The NZGDA also runs an annual investment event – at last year’s, in Auckland, more than 200 people attended, everyone from “really well-established investment firms to smaller everyday investors”. Stals says it “could be a good time” to join them, in a market that flourished during the height of the pandemic and is now rebounding from a sluggish 2022. For Rapp, the industry at large differs from its tech-sector cousins in that it doesn’t rely on “these entrepreneur personalities that are sort of evangelists for their product”.

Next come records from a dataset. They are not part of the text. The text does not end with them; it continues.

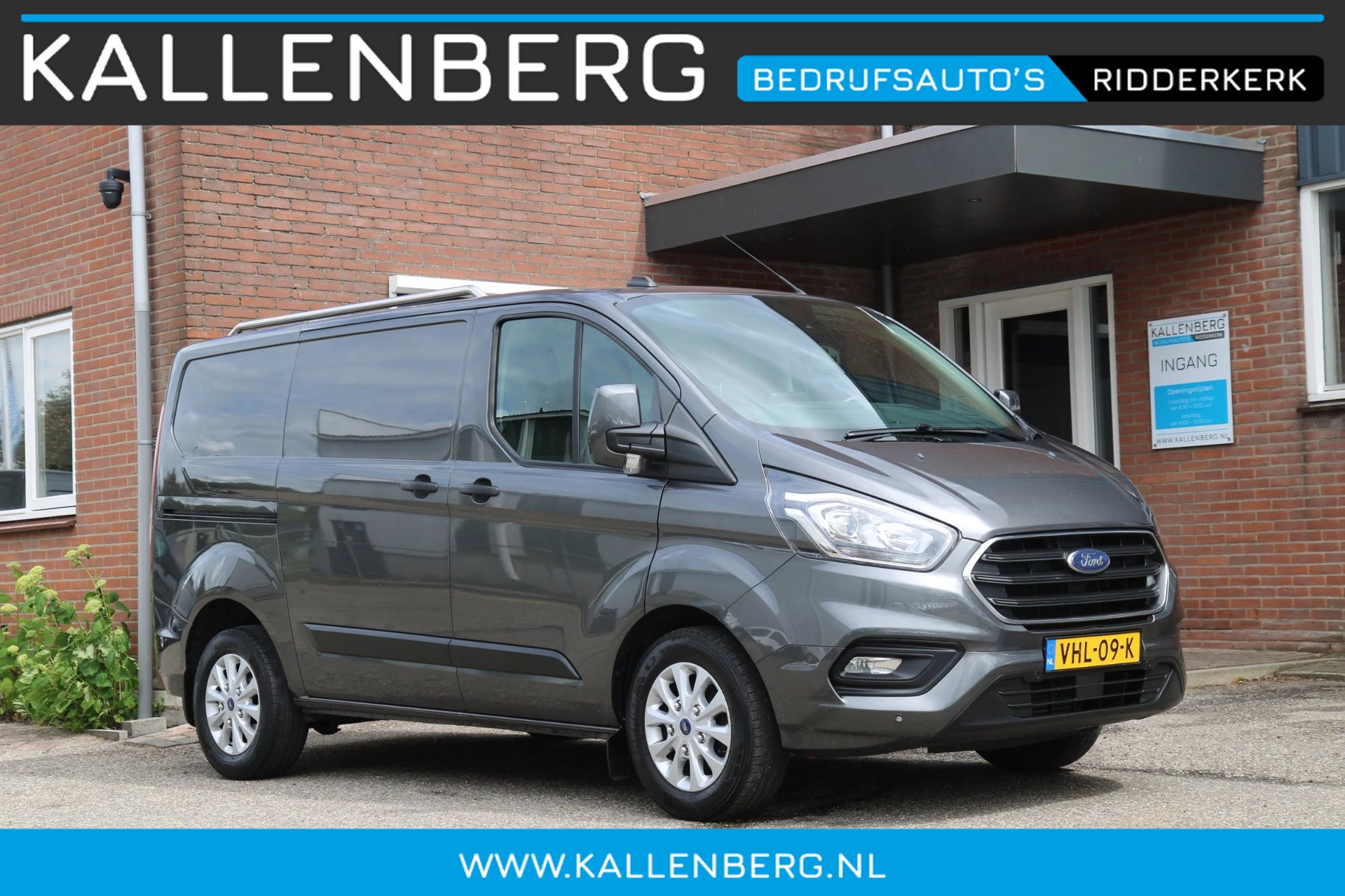 Hoofdafbeelding Ford Transit Custom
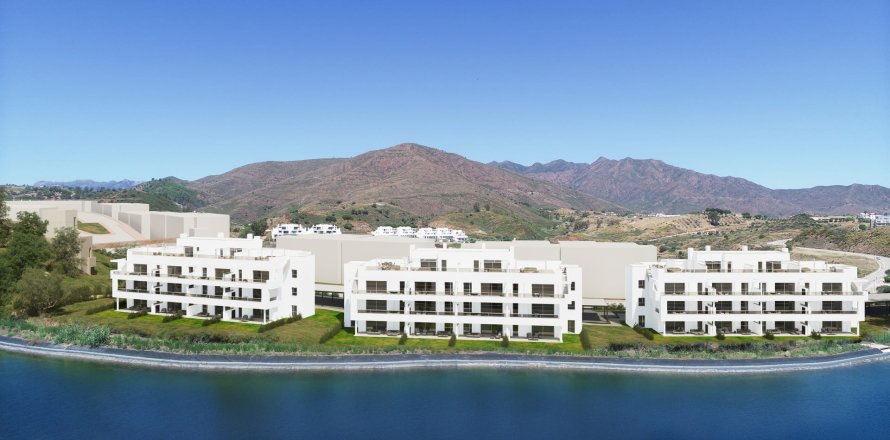 Apartment in Mijas, Malaga, Spain 2 bedrooms, 80.38 sq.m. No. 174625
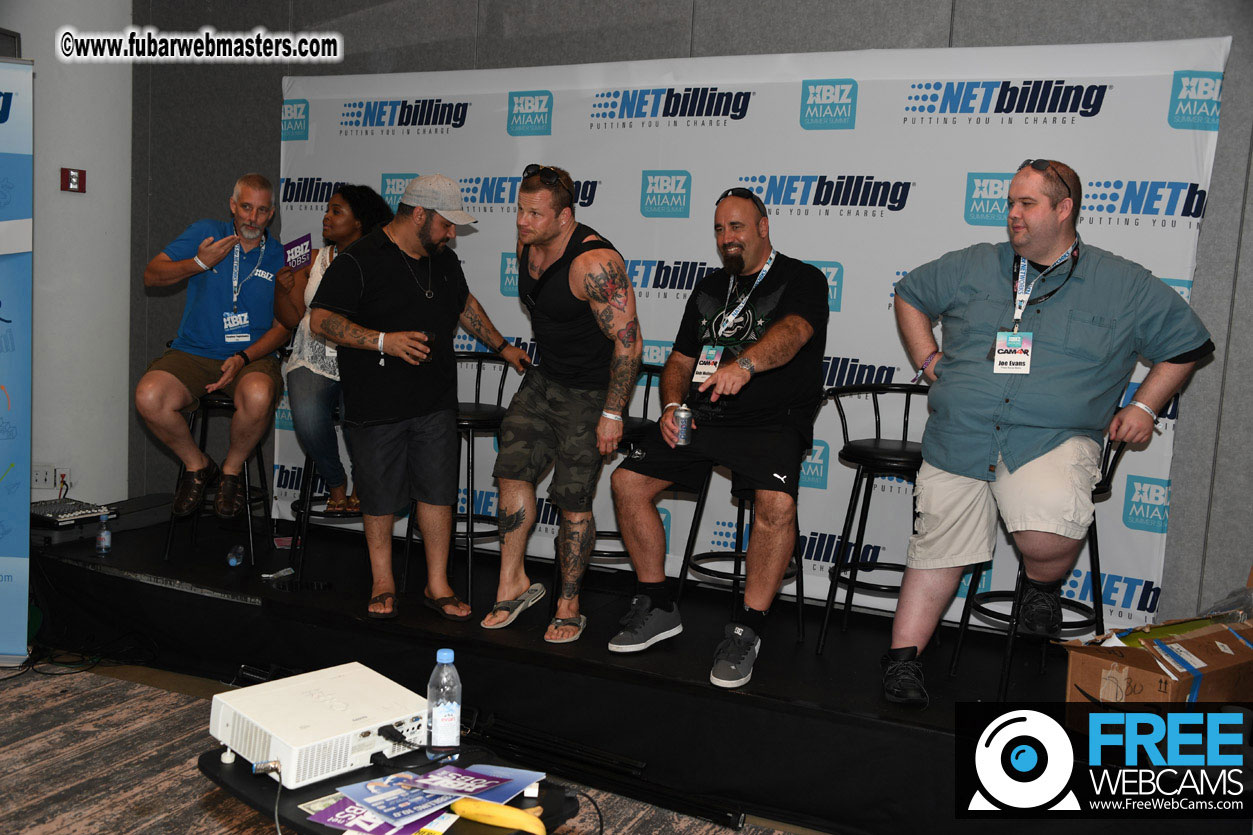 XBIZ and CamCon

There’s also an agility to the market that comes with almost all of us having the requisite hardware in our pockets at all times: our phones. Accordingly, mobile gaming, says Stals, is the most lucrative sub-sector within the industry. As Rapp says, “in games, you more often have people who just started as programmers, or designers, or artists, and had an idea that just really connected with their user base. And so you’re seeing small teams of four and five, making millions of dollars a year, having very little experience in business or scale or any of the things that you would typically associate with investment.”
When considering where to invest, Stals says, the well-known publishers of the big-budget, high-profile games can be a safe bet, but consider whether a publisher is too reliant on a single title; and that demand for hardware is potentially a more stable market than companies that rely on a churn of new releases for the majority of their revenue. The sector, she also notes, can suffer at the hands of regulators, with governments concerned about the amount of time young people are spending in front of screens.
For Rapp, the future of gaming lies in “user-generated content”, games in which the players themselves can have a hand in crafting the worlds in which they play – games and spaces like Unreal Engine, Roblox (NYSE:RBLX) and Minecraft – and which afford opportunities for networking and social gaming. “Ultimately,” she says, “the internet makes us more and more connected every day. It’s never gone the other direction. And so companies and businesses that are creating tools to support that future, I think, have the greatest opportunity.”
As Stals says, the market can only grow as digital natives – those for whom socialising within Minecraft, say, is as commonplace as doing so on the playground – grow into adulthood. And for that generation, Rapp says, gaming already has the cultural centrality that older artforms do for older generations. “This is what they grew up with, right? It’s been ubiquitous since the day they were born. And so it’s become a part of their cultural zeitgeist and their cultural identity. And they’re looking at it as not just a form of cultural expression, but as a way to express themselves as individuals.”
Investing in that future only makes sense, Rapp says. “There’s really never been a better time to get into this space. And I’m certainly encouraging everyone… to really start to expand their repertoire of knowledge to include game business models, because I think we’re going to see more and more businesses that want to get into this space.”